• _DATA PROVIDED_
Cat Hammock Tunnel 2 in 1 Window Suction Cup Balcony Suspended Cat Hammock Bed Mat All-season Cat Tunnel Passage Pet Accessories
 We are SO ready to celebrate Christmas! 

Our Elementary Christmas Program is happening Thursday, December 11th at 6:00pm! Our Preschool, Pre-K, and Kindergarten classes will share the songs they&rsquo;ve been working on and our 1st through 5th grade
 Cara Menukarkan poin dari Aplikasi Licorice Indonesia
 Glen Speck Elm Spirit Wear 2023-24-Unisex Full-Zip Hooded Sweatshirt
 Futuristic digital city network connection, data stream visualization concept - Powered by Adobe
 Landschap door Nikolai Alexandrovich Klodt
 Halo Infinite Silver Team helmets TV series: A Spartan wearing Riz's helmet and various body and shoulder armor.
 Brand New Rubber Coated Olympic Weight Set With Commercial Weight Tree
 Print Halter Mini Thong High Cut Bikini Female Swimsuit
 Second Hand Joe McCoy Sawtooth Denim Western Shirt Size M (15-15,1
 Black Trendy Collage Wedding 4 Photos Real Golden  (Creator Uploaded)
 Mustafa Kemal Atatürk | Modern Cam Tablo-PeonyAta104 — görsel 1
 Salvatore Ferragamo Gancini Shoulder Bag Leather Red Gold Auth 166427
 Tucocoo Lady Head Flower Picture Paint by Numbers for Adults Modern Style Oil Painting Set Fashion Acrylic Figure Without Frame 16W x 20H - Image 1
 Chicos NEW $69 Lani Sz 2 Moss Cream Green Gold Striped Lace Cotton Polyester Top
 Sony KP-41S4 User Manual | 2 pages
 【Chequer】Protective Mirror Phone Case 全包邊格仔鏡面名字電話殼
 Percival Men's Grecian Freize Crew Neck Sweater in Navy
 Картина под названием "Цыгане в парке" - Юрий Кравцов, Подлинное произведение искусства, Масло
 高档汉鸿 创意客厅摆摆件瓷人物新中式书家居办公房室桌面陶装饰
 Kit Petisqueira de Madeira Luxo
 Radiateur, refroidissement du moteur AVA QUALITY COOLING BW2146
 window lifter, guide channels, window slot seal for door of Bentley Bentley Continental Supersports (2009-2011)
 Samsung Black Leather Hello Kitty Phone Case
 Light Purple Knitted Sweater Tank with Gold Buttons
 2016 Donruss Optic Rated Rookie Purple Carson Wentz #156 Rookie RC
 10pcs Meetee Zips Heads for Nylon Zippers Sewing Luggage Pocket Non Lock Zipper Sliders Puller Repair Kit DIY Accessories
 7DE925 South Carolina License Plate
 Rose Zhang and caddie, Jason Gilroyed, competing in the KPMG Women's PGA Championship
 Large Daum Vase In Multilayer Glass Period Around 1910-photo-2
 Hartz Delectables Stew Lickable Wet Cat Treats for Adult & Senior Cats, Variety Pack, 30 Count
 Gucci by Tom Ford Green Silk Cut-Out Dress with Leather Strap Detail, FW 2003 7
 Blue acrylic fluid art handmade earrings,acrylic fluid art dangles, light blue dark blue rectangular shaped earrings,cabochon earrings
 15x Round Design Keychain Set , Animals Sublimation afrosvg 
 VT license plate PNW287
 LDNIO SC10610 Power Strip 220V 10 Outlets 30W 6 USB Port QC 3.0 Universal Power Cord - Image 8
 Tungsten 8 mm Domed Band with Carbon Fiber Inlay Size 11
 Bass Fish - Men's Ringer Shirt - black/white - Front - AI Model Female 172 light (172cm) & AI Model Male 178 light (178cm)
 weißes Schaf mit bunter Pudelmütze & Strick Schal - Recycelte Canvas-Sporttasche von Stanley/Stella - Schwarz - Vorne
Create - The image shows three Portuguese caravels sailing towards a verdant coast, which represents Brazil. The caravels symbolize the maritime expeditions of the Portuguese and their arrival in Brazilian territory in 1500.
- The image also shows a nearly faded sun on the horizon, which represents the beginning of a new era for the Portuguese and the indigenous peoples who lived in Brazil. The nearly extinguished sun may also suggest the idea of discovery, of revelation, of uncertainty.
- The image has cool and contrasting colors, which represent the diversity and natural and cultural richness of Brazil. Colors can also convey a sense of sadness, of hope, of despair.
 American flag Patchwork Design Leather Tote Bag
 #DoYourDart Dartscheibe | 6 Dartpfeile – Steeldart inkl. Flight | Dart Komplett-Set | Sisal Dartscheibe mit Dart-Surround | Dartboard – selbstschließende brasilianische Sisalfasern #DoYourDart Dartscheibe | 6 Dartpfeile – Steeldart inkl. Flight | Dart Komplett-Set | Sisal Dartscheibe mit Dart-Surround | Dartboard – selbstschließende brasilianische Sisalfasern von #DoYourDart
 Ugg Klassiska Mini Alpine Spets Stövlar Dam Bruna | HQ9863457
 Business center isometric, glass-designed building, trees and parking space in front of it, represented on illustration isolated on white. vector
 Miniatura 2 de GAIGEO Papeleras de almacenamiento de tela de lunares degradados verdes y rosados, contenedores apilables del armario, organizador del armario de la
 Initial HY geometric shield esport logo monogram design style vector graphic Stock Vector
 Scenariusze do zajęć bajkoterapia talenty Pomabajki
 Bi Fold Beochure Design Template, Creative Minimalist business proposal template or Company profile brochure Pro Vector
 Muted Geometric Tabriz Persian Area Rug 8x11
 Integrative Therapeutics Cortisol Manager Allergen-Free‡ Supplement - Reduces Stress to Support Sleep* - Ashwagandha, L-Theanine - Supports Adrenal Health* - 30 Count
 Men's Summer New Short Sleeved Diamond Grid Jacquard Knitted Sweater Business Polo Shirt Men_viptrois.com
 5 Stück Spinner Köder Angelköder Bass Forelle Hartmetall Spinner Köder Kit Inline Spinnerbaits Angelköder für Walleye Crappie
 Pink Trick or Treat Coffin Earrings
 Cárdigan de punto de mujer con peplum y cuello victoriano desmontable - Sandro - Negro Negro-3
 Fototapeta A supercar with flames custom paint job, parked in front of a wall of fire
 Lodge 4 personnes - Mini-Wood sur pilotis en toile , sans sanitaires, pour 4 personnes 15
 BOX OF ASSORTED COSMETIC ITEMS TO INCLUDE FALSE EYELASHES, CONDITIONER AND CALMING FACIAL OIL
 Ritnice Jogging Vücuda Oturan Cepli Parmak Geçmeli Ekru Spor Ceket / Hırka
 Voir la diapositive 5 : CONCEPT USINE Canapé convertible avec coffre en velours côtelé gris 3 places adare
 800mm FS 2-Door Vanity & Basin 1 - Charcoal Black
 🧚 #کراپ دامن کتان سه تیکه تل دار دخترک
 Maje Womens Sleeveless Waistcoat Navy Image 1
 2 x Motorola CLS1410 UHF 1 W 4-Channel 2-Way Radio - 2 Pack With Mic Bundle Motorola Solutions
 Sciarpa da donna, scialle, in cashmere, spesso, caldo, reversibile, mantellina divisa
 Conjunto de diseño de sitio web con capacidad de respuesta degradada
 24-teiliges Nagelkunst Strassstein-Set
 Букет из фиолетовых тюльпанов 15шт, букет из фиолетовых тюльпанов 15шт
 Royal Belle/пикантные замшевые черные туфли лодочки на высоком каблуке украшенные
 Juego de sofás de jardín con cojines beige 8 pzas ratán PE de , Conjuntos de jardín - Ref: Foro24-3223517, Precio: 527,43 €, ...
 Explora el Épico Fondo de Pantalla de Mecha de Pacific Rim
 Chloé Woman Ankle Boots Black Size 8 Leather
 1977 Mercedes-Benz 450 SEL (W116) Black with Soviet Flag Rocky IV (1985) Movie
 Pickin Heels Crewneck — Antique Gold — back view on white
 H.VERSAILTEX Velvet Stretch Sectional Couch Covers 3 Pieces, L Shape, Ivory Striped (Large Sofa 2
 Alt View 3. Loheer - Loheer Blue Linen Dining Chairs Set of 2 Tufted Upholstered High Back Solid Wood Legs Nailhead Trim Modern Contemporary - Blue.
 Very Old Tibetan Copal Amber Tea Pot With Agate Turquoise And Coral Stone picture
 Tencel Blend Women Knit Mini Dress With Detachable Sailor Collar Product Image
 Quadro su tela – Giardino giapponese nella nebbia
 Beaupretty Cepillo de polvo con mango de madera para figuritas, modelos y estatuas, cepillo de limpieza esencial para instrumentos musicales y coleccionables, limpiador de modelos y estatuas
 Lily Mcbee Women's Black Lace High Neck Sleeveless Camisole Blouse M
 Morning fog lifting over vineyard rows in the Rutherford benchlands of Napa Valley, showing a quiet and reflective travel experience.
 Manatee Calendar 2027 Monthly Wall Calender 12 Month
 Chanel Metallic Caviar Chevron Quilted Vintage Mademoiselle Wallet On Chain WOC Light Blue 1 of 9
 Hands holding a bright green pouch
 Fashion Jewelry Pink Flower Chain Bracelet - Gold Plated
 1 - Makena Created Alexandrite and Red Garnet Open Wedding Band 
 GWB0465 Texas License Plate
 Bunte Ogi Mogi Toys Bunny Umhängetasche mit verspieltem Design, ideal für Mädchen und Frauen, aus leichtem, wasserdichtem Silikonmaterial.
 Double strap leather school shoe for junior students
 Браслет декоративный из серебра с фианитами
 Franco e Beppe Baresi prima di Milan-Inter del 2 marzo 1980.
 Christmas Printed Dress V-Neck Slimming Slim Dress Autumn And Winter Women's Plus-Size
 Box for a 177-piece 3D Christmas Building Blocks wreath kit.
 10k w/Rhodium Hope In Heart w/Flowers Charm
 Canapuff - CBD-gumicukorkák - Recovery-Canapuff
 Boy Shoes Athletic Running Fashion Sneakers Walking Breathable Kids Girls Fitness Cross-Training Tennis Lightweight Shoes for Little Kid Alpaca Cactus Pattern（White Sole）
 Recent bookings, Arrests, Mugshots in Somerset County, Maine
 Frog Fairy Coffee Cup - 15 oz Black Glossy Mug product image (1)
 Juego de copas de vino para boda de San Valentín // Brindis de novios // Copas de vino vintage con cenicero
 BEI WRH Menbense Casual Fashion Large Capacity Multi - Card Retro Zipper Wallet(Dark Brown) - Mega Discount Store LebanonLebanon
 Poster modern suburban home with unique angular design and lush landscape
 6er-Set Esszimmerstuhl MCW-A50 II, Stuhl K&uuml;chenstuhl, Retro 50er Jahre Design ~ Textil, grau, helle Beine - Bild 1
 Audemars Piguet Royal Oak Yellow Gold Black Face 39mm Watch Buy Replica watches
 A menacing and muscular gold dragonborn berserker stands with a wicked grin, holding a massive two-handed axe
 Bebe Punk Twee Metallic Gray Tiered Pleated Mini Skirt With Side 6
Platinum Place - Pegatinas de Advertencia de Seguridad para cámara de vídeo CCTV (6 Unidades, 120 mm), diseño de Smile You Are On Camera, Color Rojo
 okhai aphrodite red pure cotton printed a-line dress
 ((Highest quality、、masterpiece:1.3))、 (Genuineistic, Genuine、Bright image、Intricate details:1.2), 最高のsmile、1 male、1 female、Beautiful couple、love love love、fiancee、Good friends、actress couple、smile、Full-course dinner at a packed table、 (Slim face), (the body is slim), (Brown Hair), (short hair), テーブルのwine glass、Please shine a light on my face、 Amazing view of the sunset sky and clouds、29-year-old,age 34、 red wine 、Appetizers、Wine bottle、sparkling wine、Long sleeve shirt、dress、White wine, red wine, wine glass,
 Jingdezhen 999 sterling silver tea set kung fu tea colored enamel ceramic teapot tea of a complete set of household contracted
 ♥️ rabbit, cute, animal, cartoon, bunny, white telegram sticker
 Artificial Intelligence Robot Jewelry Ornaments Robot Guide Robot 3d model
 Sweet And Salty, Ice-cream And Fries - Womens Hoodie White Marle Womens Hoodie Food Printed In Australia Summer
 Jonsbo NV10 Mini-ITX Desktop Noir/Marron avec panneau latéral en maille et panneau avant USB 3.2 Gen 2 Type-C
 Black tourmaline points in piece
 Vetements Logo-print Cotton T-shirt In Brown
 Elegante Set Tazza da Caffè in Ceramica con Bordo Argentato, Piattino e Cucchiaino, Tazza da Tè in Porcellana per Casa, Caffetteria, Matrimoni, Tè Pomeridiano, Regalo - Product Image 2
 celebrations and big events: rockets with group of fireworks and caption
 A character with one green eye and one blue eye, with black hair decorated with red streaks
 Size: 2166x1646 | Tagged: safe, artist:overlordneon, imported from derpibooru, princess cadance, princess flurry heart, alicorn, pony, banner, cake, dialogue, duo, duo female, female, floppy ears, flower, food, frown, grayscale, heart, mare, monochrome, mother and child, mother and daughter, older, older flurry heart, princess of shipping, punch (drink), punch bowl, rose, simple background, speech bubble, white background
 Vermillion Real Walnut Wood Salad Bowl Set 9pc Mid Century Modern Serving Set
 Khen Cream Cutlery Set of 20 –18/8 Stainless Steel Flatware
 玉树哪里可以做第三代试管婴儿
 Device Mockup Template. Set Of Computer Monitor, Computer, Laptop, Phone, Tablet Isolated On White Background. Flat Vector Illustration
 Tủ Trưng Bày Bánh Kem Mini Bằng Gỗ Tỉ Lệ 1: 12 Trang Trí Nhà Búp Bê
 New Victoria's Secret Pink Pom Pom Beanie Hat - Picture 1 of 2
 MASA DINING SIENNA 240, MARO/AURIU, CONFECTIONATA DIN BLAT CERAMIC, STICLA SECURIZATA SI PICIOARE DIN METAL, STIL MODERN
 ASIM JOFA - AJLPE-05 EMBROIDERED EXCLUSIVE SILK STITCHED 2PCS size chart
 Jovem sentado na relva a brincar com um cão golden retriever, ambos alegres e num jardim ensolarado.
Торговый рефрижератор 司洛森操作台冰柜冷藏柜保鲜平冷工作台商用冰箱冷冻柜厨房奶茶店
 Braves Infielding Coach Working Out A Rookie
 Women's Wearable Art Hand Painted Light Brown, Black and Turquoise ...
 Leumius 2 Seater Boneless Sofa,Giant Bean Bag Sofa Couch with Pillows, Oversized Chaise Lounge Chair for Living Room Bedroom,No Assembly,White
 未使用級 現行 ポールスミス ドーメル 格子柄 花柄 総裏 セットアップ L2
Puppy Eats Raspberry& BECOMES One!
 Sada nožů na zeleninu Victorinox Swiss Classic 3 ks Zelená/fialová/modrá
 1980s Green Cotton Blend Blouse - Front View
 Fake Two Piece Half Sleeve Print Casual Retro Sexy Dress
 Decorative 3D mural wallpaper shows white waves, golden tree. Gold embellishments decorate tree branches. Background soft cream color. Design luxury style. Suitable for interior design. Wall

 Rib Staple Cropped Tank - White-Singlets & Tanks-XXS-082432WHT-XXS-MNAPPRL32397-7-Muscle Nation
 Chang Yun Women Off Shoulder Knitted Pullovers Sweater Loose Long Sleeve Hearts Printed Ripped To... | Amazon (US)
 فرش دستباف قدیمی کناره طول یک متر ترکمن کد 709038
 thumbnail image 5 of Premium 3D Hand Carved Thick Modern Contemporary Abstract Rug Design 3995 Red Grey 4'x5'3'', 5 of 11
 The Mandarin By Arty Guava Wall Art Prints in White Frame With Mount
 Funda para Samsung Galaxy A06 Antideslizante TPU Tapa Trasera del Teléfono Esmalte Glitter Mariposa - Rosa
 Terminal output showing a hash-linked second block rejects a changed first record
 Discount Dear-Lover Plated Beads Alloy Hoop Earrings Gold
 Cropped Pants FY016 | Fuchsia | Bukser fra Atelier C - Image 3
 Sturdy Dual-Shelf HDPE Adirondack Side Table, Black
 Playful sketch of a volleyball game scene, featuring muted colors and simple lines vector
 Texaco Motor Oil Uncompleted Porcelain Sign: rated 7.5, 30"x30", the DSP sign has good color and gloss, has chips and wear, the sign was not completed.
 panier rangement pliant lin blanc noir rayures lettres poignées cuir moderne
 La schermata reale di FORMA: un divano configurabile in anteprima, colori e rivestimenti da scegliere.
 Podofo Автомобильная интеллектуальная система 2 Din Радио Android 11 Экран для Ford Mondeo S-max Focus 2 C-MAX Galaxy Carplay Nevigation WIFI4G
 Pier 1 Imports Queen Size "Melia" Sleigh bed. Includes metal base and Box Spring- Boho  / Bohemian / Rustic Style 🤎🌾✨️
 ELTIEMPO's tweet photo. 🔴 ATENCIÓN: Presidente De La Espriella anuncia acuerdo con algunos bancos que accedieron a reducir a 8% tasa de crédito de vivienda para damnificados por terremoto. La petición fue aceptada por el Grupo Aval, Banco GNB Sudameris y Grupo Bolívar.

• _ACTIVITY_
The lines running from the start of the data through the one that contains "Salvatore Ferragamo Gancini" should be reproduced exactly, and only those.

• _SOLUTION TO THE PROBLEM_
Cat Hammock Tunnel 2 in 1 Window Suction Cup Balcony Suspended Cat Hammock Bed Mat All-season Cat Tunnel Passage Pet Accessories
 We are SO ready to celebrate Christmas! 

Our Elementary Christmas Program is happening Thursday, December 11th at 6:00pm! Our Preschool, Pre-K, and Kindergarten classes will share the songs they&rsquo;ve been working on and our 1st through 5th grade
 Cara Menukarkan poin dari Aplikasi Licorice Indonesia
 Glen Speck Elm Spirit Wear 2023-24-Unisex Full-Zip Hooded Sweatshirt
 Futuristic digital city network connection, data stream visualization concept - Powered by Adobe
 Landschap door Nikolai Alexandrovich Klodt
 Halo Infinite Silver Team helmets TV series: A Spartan wearing Riz's helmet and various body and shoulder armor.
 Brand New Rubber Coated Olympic Weight Set With Commercial Weight Tree
 Print Halter Mini Thong High Cut Bikini Female Swimsuit
 Second Hand Joe McCoy Sawtooth Denim Western Shirt Size M (15-15,1
 Black Trendy Collage Wedding 4 Photos Real Golden  (Creator Uploaded)
 Mustafa Kemal Atatürk | Modern Cam Tablo-PeonyAta104 — görsel 1
 Salvatore Ferragamo Gancini Shoulder Bag Leather Red Gold Auth 166427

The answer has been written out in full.